Your goal – Of the lines below, write out exactly those from the line with "Coffee Is Life" through the line with "Cannes Spielkarten", both included, and skip the rest.

[Web page caption snippets]
============================================================

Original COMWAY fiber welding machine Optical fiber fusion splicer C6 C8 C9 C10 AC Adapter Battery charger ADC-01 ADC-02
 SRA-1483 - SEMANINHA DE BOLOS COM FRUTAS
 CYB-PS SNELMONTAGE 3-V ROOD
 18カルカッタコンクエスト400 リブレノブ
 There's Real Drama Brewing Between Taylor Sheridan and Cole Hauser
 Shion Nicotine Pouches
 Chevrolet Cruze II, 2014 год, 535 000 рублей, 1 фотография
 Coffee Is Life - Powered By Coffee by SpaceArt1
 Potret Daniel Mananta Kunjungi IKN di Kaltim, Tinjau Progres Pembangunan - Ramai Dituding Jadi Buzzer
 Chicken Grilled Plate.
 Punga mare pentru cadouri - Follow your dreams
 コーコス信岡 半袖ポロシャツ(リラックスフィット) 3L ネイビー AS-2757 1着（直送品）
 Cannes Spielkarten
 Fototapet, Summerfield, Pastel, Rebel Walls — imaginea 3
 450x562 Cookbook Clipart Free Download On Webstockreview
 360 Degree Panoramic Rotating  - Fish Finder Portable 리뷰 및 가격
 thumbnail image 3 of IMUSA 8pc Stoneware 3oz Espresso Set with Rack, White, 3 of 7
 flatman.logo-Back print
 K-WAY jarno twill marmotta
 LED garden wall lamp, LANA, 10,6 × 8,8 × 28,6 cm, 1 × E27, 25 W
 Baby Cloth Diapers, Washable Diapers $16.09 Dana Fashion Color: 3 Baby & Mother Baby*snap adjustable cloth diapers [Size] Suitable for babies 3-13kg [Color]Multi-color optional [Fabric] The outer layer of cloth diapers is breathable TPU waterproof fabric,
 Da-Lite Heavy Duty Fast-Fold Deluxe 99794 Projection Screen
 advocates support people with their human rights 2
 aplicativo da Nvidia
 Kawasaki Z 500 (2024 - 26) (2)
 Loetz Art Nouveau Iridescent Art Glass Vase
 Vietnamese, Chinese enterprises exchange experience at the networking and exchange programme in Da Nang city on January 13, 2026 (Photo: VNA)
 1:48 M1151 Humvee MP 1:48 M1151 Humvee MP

============================================================

Solution for this exercise –
 Coffee Is Life - Powered By Coffee by SpaceArt1
 Potret Daniel Mananta Kunjungi IKN di Kaltim, Tinjau Progres Pembangunan - Ramai Dituding Jadi Buzzer
 Chicken Grilled Plate.
 Punga mare pentru cadouri - Follow your dreams
 コーコス信岡 半袖ポロシャツ(リラックスフィット) 3L ネイビー AS-2757 1着（直送品）
 Cannes Spielkarten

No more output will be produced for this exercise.